All of those factors appear to apply to Thermal. Chairman ­Vardhan Rajkumar, an engineer and entrepreneur installed by Privet, says the company was suffering from "quality issues - it wasn't shipping enough [product]".

Operationally, he says, the focus of Privet's oversight has been to boost quality control to "get it right first time" and improve delivery performance. Operating losses carried on into 2011, but tapered down to £400,000. In the year to 31 December 2012, Thermal made money - £1.6 million - and grew turnover to £16 million. Headcount has also risen, by 10% to 234 people.

A PLAN FOR GROWTH

During what Rajkumar calls the "milestone year" of 2012, Thermal also hired a new managing director in Max Humber, whose aerospace, automotive and metal processing industries experience includes senior positions at titanium parts fabricator Timet, Doncasters, Senior, and Tata Steel.

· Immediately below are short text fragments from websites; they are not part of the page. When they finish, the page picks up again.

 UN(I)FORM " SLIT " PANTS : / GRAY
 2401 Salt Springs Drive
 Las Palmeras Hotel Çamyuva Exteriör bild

Rajkumar is targeting "steady growth", with another 10% revenue gain likely in 2013. About two-thirds of the business is in fabrication of non-rotating engine parts for the hot end - vanes, baffles, silencers, cooling ducts - based on Thermal's core competence in difficult-to-form alloys including titanium, Inconel and other nickel-based metals. Thermal also manufactures nacelle and airframe parts such as skins, hinges and APU exhaust details.The other third of revenue comes from insulating blankets and shields.

PRIORITIES

Thermal, he adds, is principally a build-to-print supplier and, as such, its critical challenges for the coming years are to keep up with rising demand for aero engines - including the TP400 and XWB, which are entering ramp-up. Winning new work, clearly, is another priority; the Airbus A320neo is on Rajkumar's radar.

Doing all that, he says, will demand great attention to detail in the manufacturing process to maintain delivery schedules, while strengthening relationships with tier one suppliers and OEMs. It also demands investment in future growth - Rajkumar says he is "enthusiastic" about taking on an increasing number of apprentices - and building expertise in new technologies.

But, mostly, Rajkumar has his sights fixed on the business to hand, and stresses that it is far too early for Privet to have identified its plan for exiting the investment in Thermal. But if the company continues on its upward swing, that time will certainly come. Privet's purpose, he says, "is to fix troubled businesses".